Dan Leviton spent most of his life preparing to die.
For more than three decades, the University of Maryland health professor taught courses on death education that drew hundreds of students every semester. One young woman came because of a near-death experience she’d had at age 10, when a wave washed over her in Atlantic City. Another was grieving from the loss of her father in a plane crash. More than a few students over the years were contemplating suicide.
Many came simply because they knew Leviton’s reputation as a phenomenal professor. In the American “death-denying culture,” as Leviton once called it, his classroom was one place to look for answers about the end of life.
One of the lessons he taught his students was about fear. While they might fear how they would die, he sometimes said — in a fire, in war, of a painful disease — they shouldn’t fear death. The process of dying may be wrenching for you and the people who love you, but the end itself, as one former student put it, is “simple and concrete.”
And he taught that lesson not just in a classroom, but, eventually, through his own example.
Leviton’s death at age 80 came May 13, at his home in Adelphi, after three years of esophageal cancer. Though he tried chemotherapy and radiation, said his wife, Susan Leviton, at a certain point, he was no longer a sick man, but a dying one.
He tried to prepare his wife, his two children, his friends and even himself for the loss. In e-mails to those closest to him, he did what he had counseled his students to do when their own time came: He reckoned with his life, including his regrets, and said goodbye.

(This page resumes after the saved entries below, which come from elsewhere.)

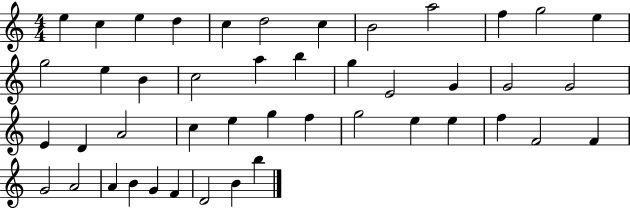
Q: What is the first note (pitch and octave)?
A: E5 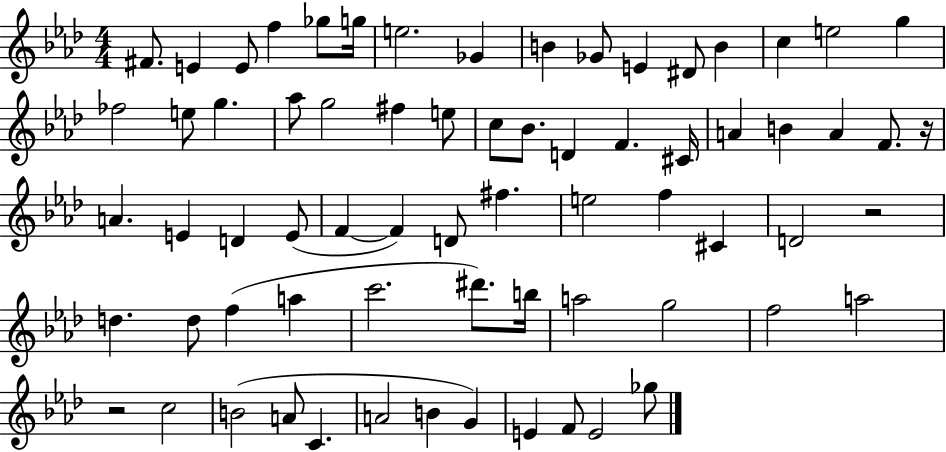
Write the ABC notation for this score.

X:1
T:Untitled
M:4/4
L:1/4
K:Ab
^F/2 E E/2 f _g/2 g/4 e2 _G B _G/2 E ^D/2 B c e2 g _f2 e/2 g _a/2 g2 ^f e/2 c/2 _B/2 D F ^C/4 A B A F/2 z/4 A E D E/2 F F D/2 ^f e2 f ^C D2 z2 d d/2 f a c'2 ^d'/2 b/4 a2 g2 f2 a2 z2 c2 B2 A/2 C A2 B G E F/2 E2 _g/2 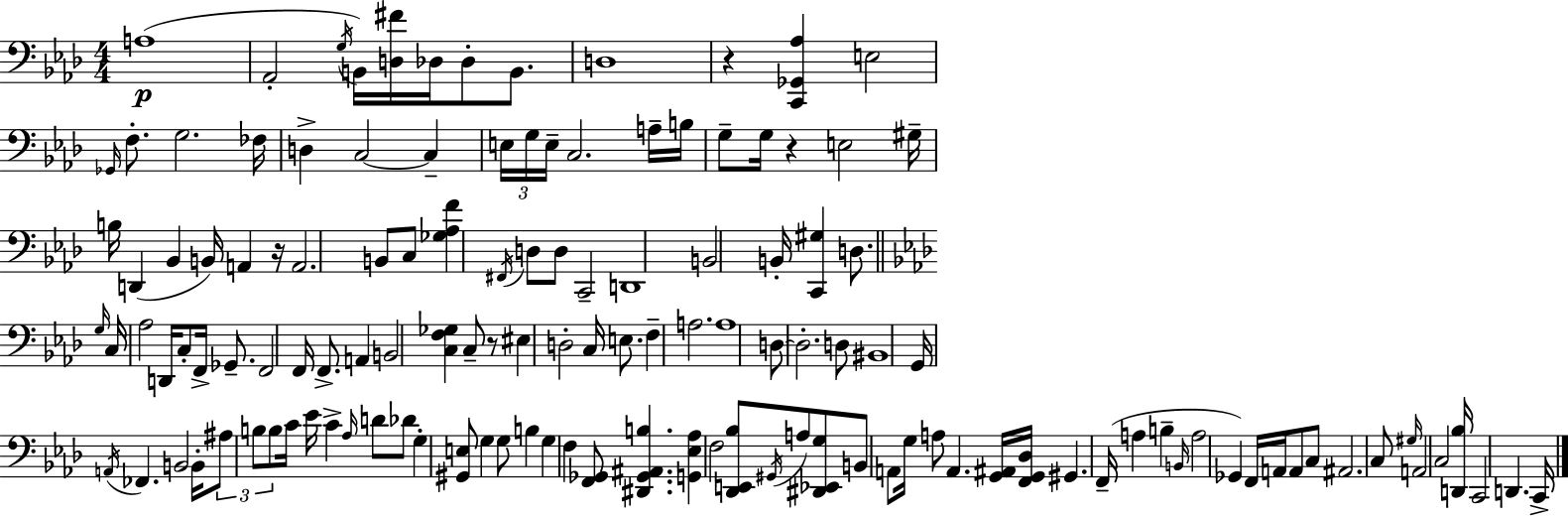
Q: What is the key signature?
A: F minor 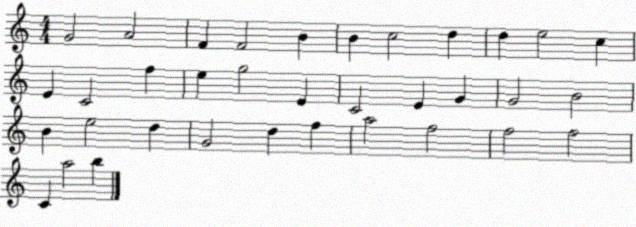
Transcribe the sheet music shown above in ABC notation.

X:1
T:Untitled
M:4/4
L:1/4
K:C
G2 A2 F F2 B B c2 d d e2 c E C2 f e g2 E C2 E G G2 B2 B e2 d G2 d f a2 f2 f2 f2 C a2 b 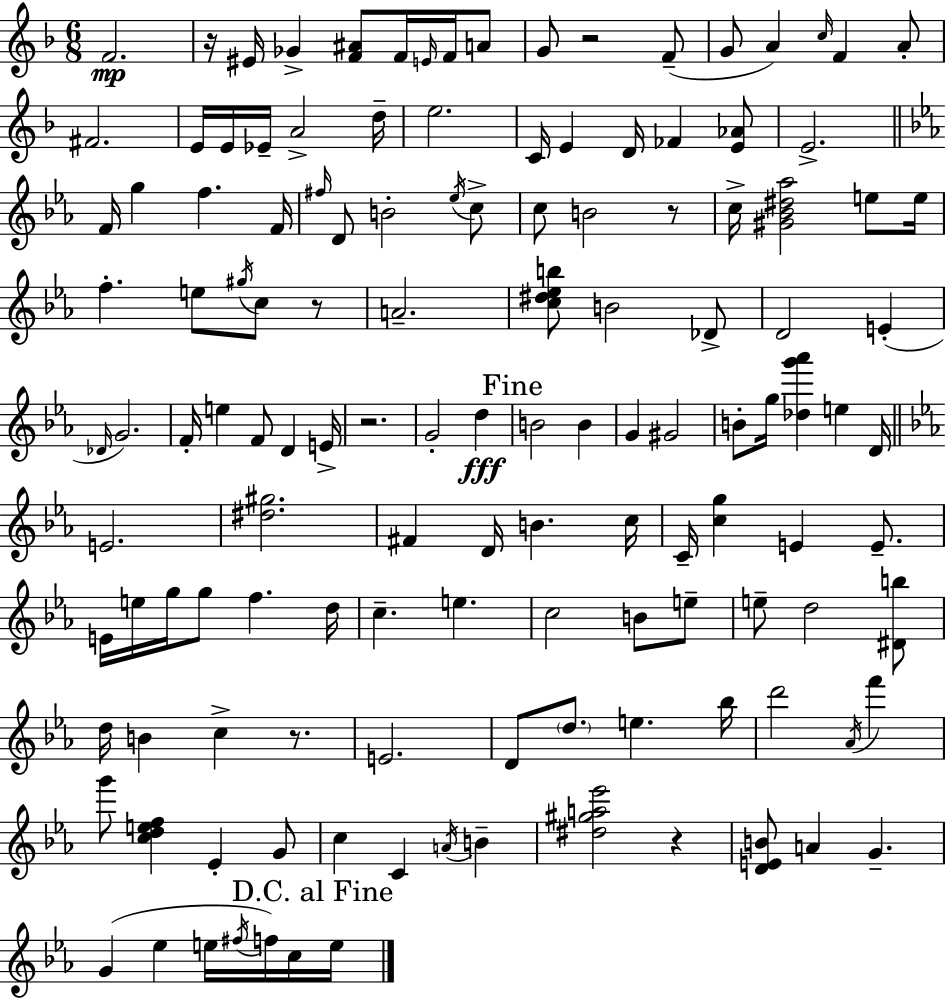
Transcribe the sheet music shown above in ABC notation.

Leviton convened discussion groups at his home every few months to talk about death, and about life. The friends and former students who attended the meetings compare the experience to “Tuesdays With Morrie,” writer Mitch Albom’s book about his visits with a beloved former professor who was dying of Lou Gehrig’s disease.
Leviton was a teacher “absolutely to the end,” said Linda Campanelli, a former student who went to the meetings. Another of his lessons, she said, is that “loss is germane to every day of our lives.”
“Whether we’re shedding skin cells ... or whether we lose something of great value,” she said, the study of death prepares a person for much more.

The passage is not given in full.